Joel Presson loves the restaurant industry so much, he still works in it at age 93, performing various jobs at the Oxford Wendy’s, where he has been employed since 1989. He worked there when it was Uptown, then continued after it moved to College Corner Pike.

He got the job simply by going in all those years ago and asking if they had an opening.

“I’d been in the food business all my life. They wanted me to go into management, and I said no. I didn’t want to do that, because I’d had 60 years of it, and that was enough,” Presson said. “The biggest reason was, I don’t like to be lonesome … I love people. When you lived on a farm during the Depression years, and you didn’t have anybody visiting you except a mule, you swore then, you were going to find a place where you could be around people.”

Presson hails from North Carolina, and his life has taken him from there to the Air Force, where he was a flight instructor in the 1940s, to Florida to Cincinnati, then eventually to Oxford, where his daughter had attended Miami University. Presson moved to Oxford for good in 1988. In the intervening years, he had worked at a number of jobs in the restaurant industry.
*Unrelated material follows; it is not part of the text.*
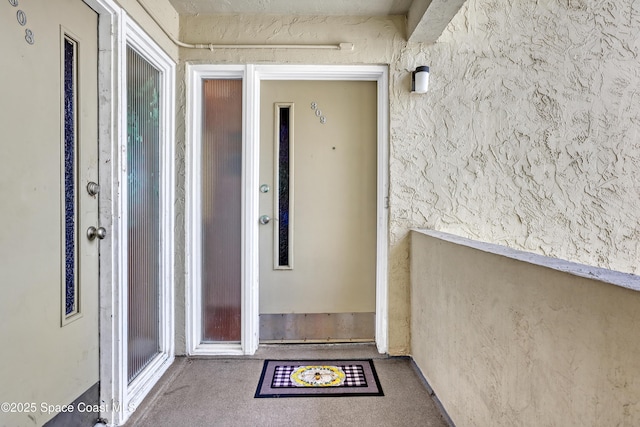 5050 Ocean Beach Blvd Unit 309, Cocoa Beach, FL 32931 - view of exterior entry featuring stucco siding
Presson, who does everything from filling orders to carrying out trash, has become such a fixture at the restaurant that some customers come in just to see him, said Chris Rodbro, one of the owners of the Oxford Wendy’s.

Darlene Allen, who is a regular at that Wendy’s, affirmed that, saying, “The people enjoy talking to him. To be 93, he’s got a better mind than I do.”

Presson has such a strong work ethic that he was eager to return to Wendy’s while it moved from Uptown to College Corner Pike, after the original location caught fire in 2005.

“When we were rebuilding, I would see Joel walking all over the place. I would say, ‘Joel, what are you doing? And he said, ‘I can’t stand it. I don’t have anything to do. All I do is walk. You’ve got to get that place open.’ He’s a hard worker, oh my gosh … he carries big buckets of ice, he takes the garbage out, he gets all the refills, he cleans the tables, he mops the floors, he prepares salads, he does a little bit of everything,” Rodbro said.

Bob Bertini, a spokesman for Wendy’s corporate office in Dublin, Ohio, couldn’t verify whether Presson was the company’s oldest employee but said his tenure was “certainly quite a remarkable accomplishment. It says quite a lot, and we’re proud to have him as part of the Wendy’s family.”